L’imprenditore, nella sua analisi, criticava – associando con la Commissione – una serie di misure adottate dalla Regione, dando per assunto che queste fossero il prodotto della prima, e non sapendo che si trattava di code di attività decise da prima dell’istituzione dell’organo e su cui questo non era stato interessato. Il lavoro dei professionisti che hanno contribuito gratuitamente – e silenziosamente, aggiungo – alle molte riunioni ed audizioni della Commissione, nata al termine del 2013, si è manifestato inizialmente in una rappresentazione del modello startup di matrice statunitense e del suo ecosistema, con identificazione di quali asset a ciò asservibili siano presenti nella Regione, ad uso della Giunta e dei numerosi Dirigenti regionali. A seguire, è stato prodotto un documento che descrive quella che dovrebbe essere la strategia regionale in tale ambito, con molte misure ben descritte insieme all’obiettivo che ciascuna si propone di conseguire. Di tutto ciò, al momento sono state ufficializzate solo due misure, alimentate da fondi UE: una che rafforza la patrimonializzazione nel micro-seed di startup che siano prequalificate da un investitore in capitale di rischio, e una seconda che rende disponibile a tutto l’ecosistema un budget di contribuzione a piccoli eventi finalizzati a sviluppare ed acculturare la comunità degli innovatori. Azioni efficaci a costo marginale, ad oggi in tutto 1.5 milioni di Euro l’anno.

La seconda volta in cui ho letto un commento di Narduzzi è di qualche settimana fa, sul Cor.Com, dove definisce il nostro scenario terzomondista, privo di consistenza industriale, e cavalcato dalla politica per fare fumo. A dimostrazione di ciò fa un confronto tra modi, tempi e costi per costituire una startup nel Regno Unito, in Germania ed in Italia, evidenziando come nel Regno Unito ci vogliano pochi minuti ed un euro di capitale, ed in Italia invece ci vogliano settimane, spese notarili, ed il versamento minimo di 2500 Euro.

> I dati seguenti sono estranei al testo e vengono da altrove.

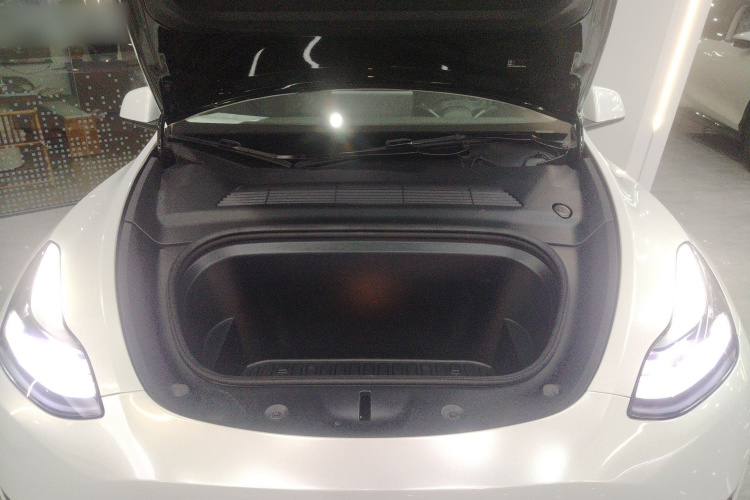 特斯拉 Model Y 2022款 改款 后轮驱动版机舱底盘24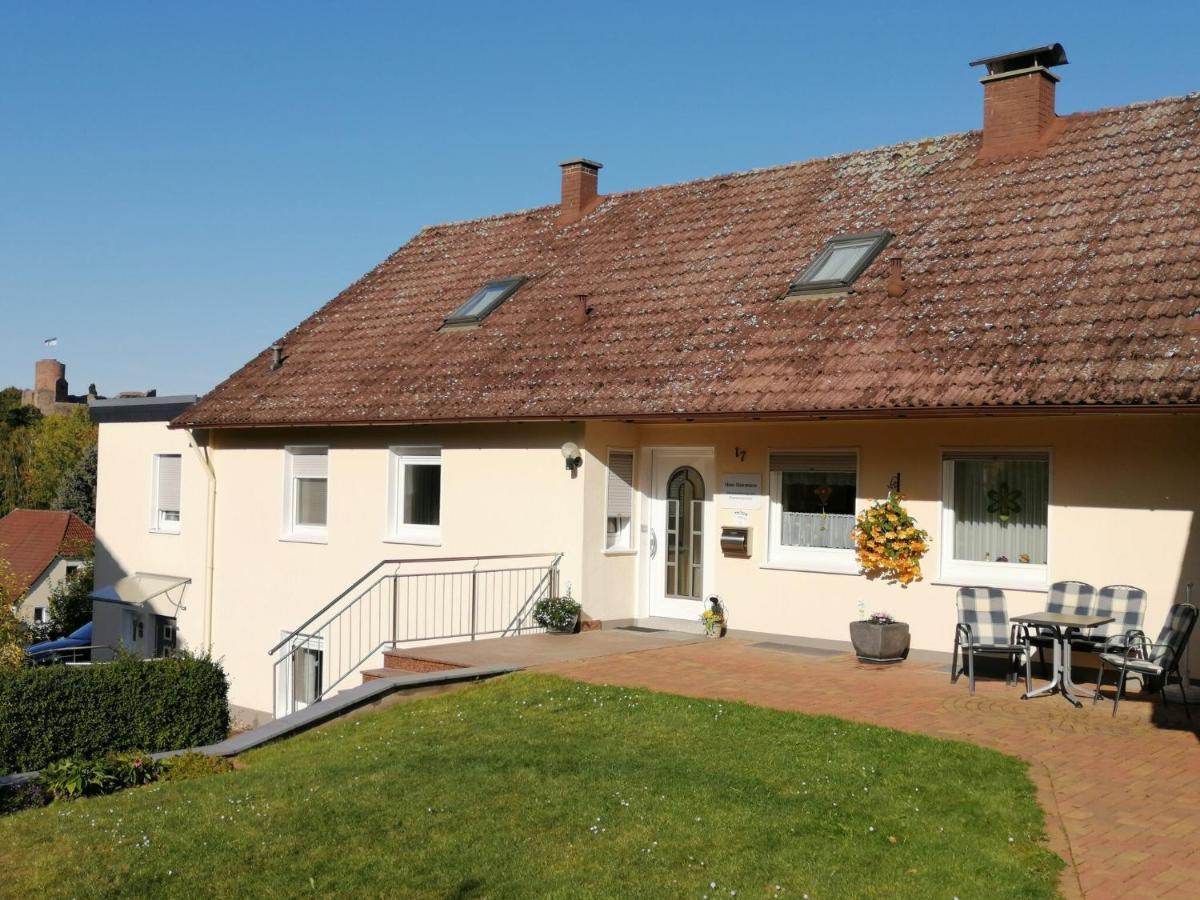 Flat In Polle Near The Forest Exterior photo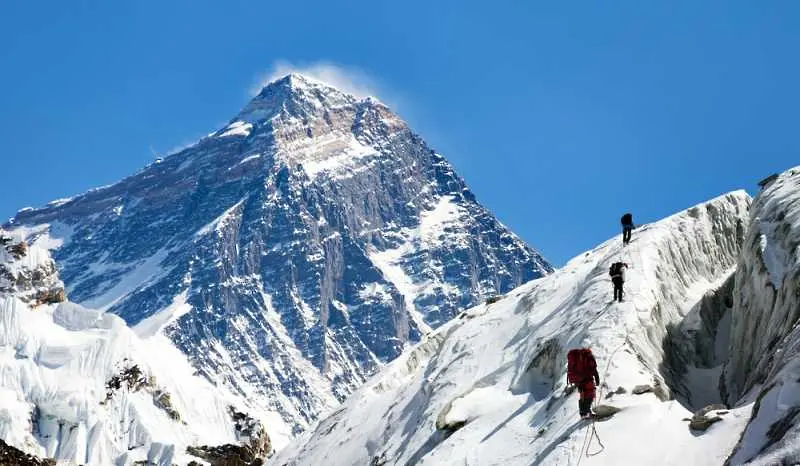 Задръстване на Еверест отне живота на седем алпинисти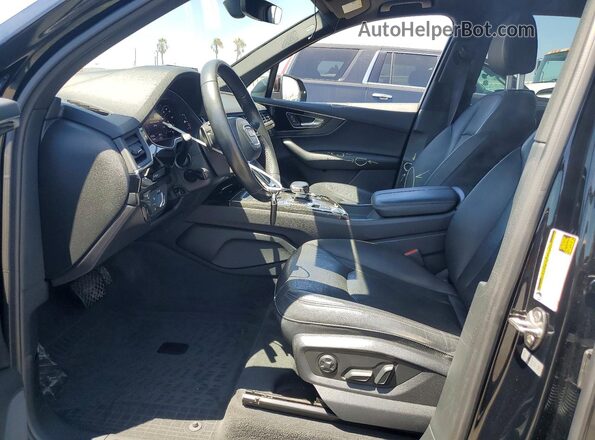 WA1LAAF79JD020952 2018 AUDI Q7 Black Widok wnętrza z przodu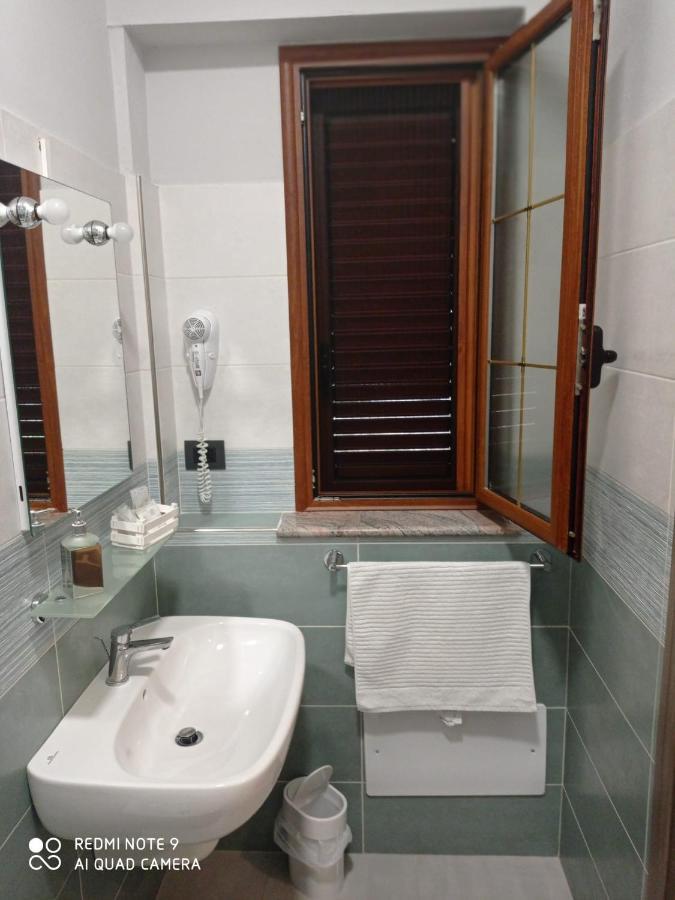 Affittacamere Borgata Marina Roseto Capo Spulico Bagian luar foto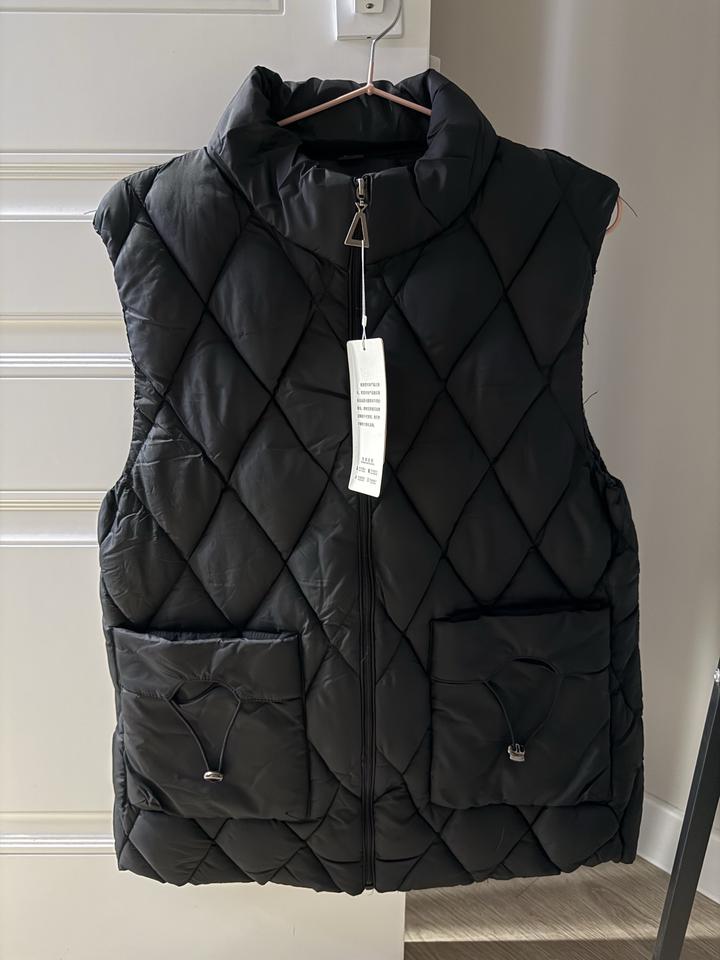 Женская безрукавка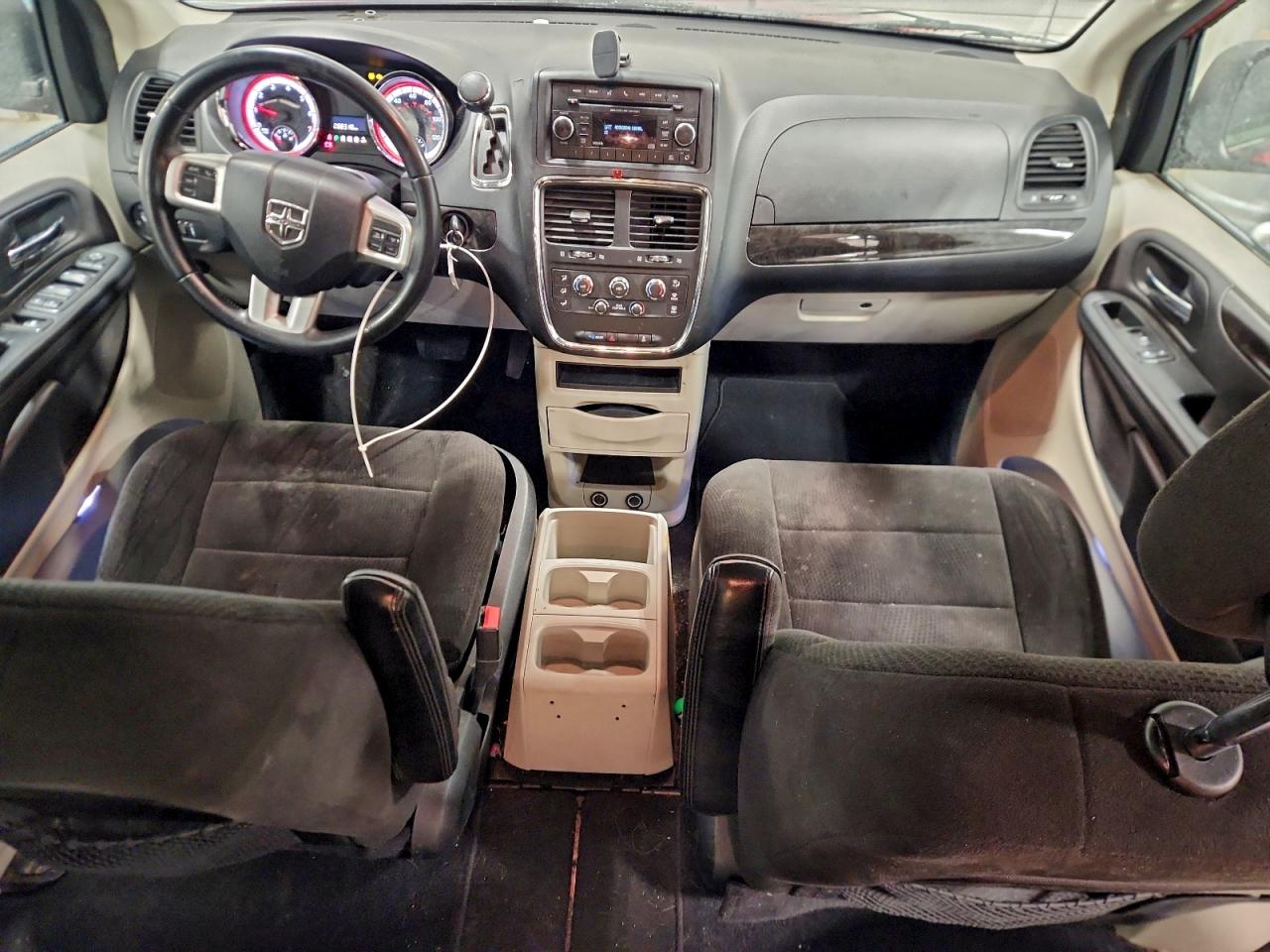 2013 DODGE GRAND CARAVAN SE photo 8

Se avessi letto un articolo simile due anni fa, non avrei avuto niente da rispondere… ma chi ruota intorno all’universo startup italico, che Narduzzi temo frequenti poco, sa perfettamente che da molti mesi il capitale minimo si è ridotto ad un Euro anche in Italia, che con la Srls dal notaio si spendono poche centinaia di euro (come recentemente approfondito da Luciana Maci su EconomyUP), e soprattutto sa che è già da due mesi Legge dello Stato la possibilità di costituire una Startup Innovativa on-line, senza passare per il notaio, e che mancano poche settimane alla pubblicazione del sito su cui farlo.

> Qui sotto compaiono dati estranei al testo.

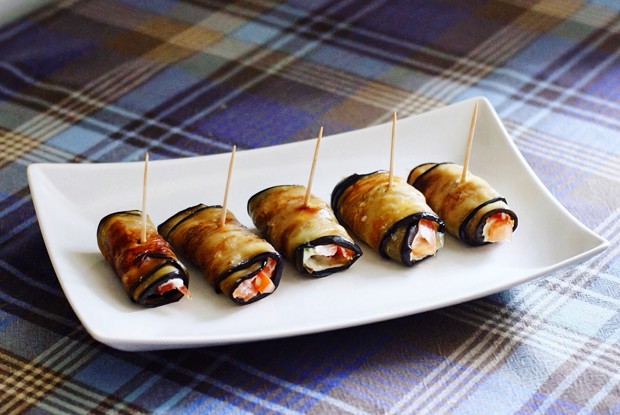 Рулетики из баклажана с фетой и помидорами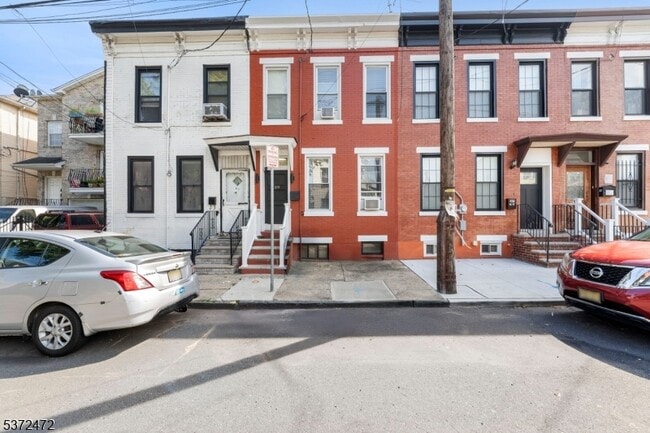Building Photo - 39 Emmet St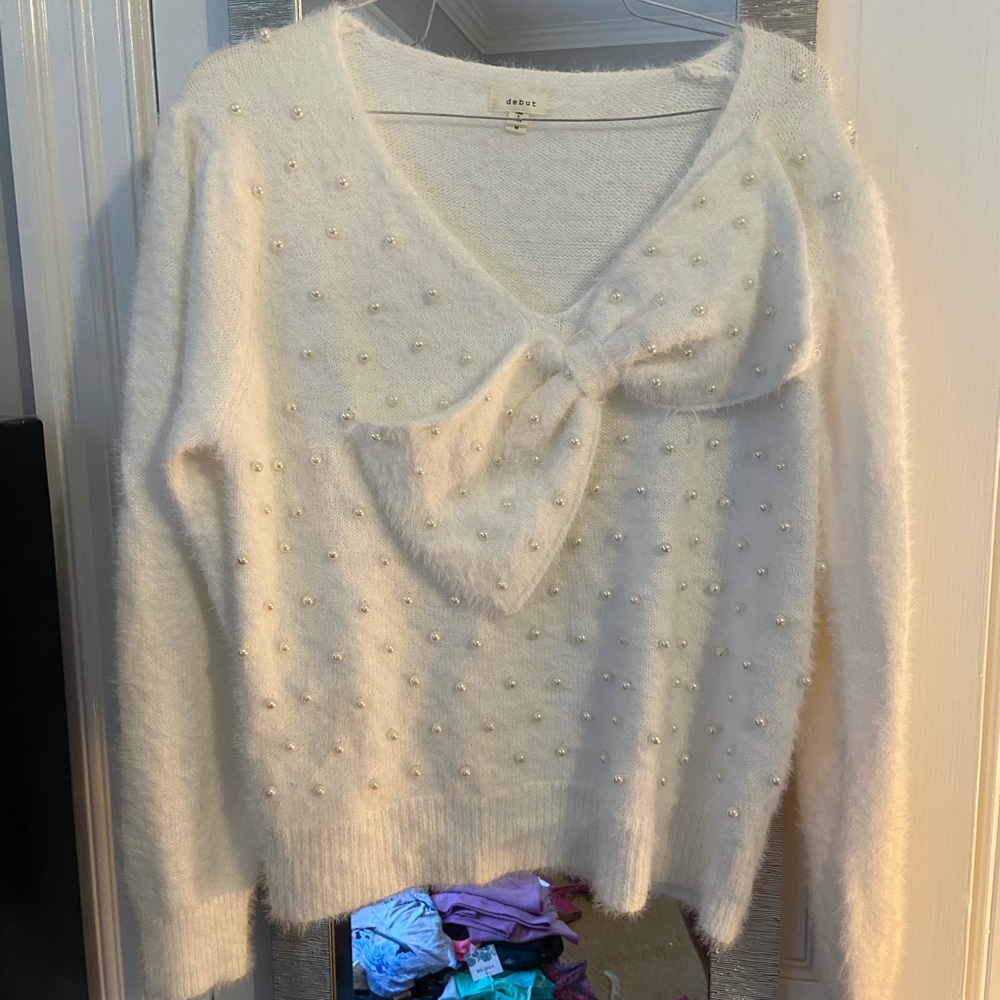 Cream Pearl-Studded Bow Front V-Neck Sweater size medium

In un’occasione, quindi, Narduzzi ha criticato i frutti di una supposta strategia regionale… che invece non vi avevano a che fare, ed in altra occasione ha descritto cose che sono semplicemente non più vere, perché già cambiate grazie al lavoro congiunto tra la comunità startup ed il legislatore.

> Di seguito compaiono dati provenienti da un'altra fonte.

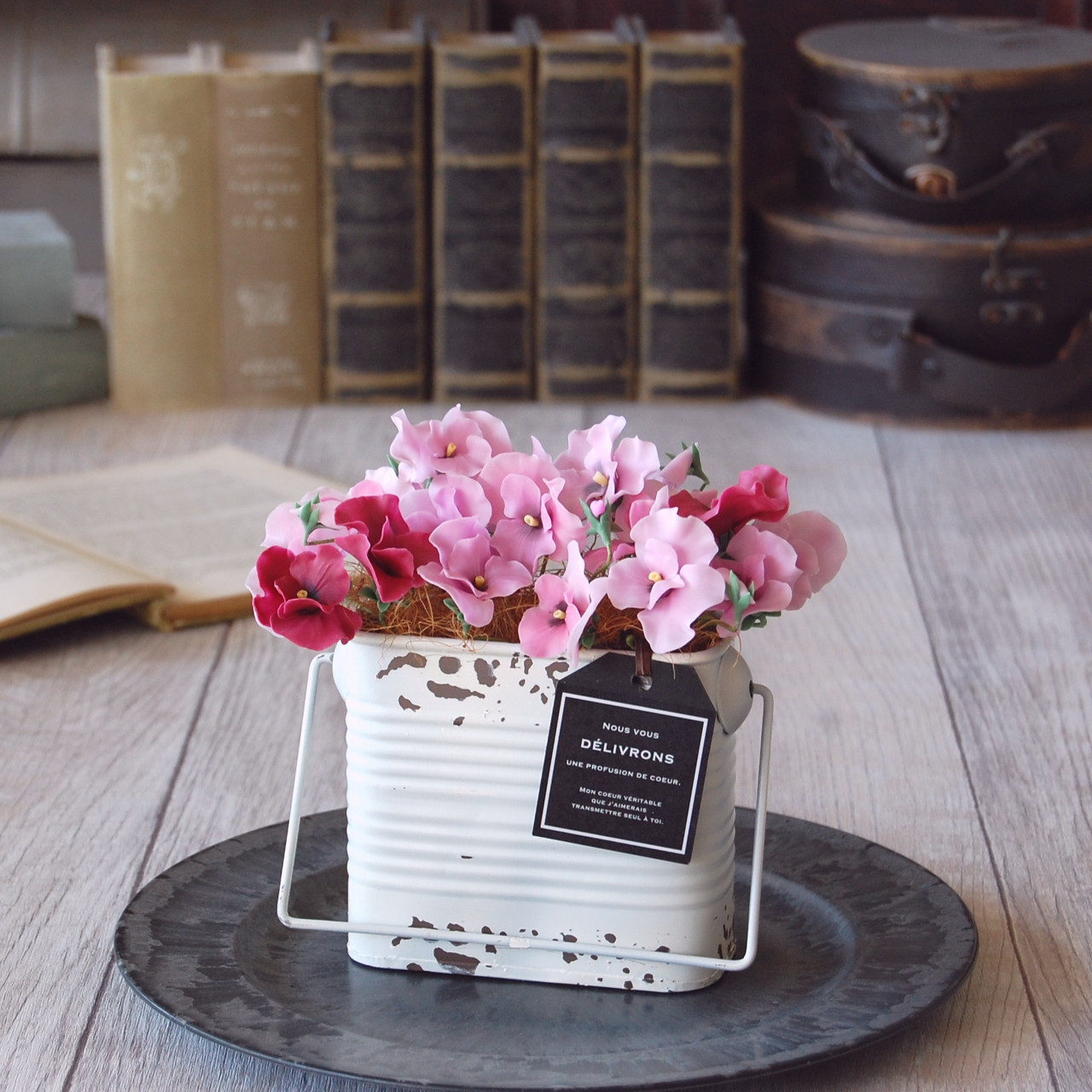 ◆粘土のお花◆　ビオラをアンティーク ブリキポットに飾って・・・ピンク＆レッド　B720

Sono molte le differenze tra l’ecosistema startup italiano e quello UK, per non parlare di quello Usa, su questo Edoardo Narduzzi ha ragione. In primis l’esistenza di una categoria societaria speciale, scelta non ottimale ma impostaci dalla Ue. D’altra parte ambire ad uno scenario perfetto è irrealistico: sono solo pochi anni che da queste parti gli imprenditori non vengono più visti come nemici sociali, ma come creatori di valore. Negli ultimi tre anni sono stati fatti dei passi in avanti inimmaginabili, e molti altri se ne progettano per poter portare in qualche altro anno le nostre imprese innovative nella serie A internazionale. Solo l’ultimo anno ha visto l’Italia saltare al primo posto tra i paesi Ue per crescita degli investimenti in capitale di rischio nell’early stage, ed il numero di grandi aziende ed investitori che si attivano nell’ecosistema si sta costantemente accrescendo, mese dopo mese.

Dott. Narduzzi, in molti conosciamo l’argomento e contribuiamo attivamente con i legislatori perché quello in corso sia un percorso di crescita che non si fermi presto. Le critiche sono sempre ben accolte, il pungolo così come la divulgazione di cosa non va sono utili a motivare la politica, ma per cortesia facendo un po’ più di attenzione a puntare il bersaglio giusto. Sparare senza prendere la mira non è utile a nessuno.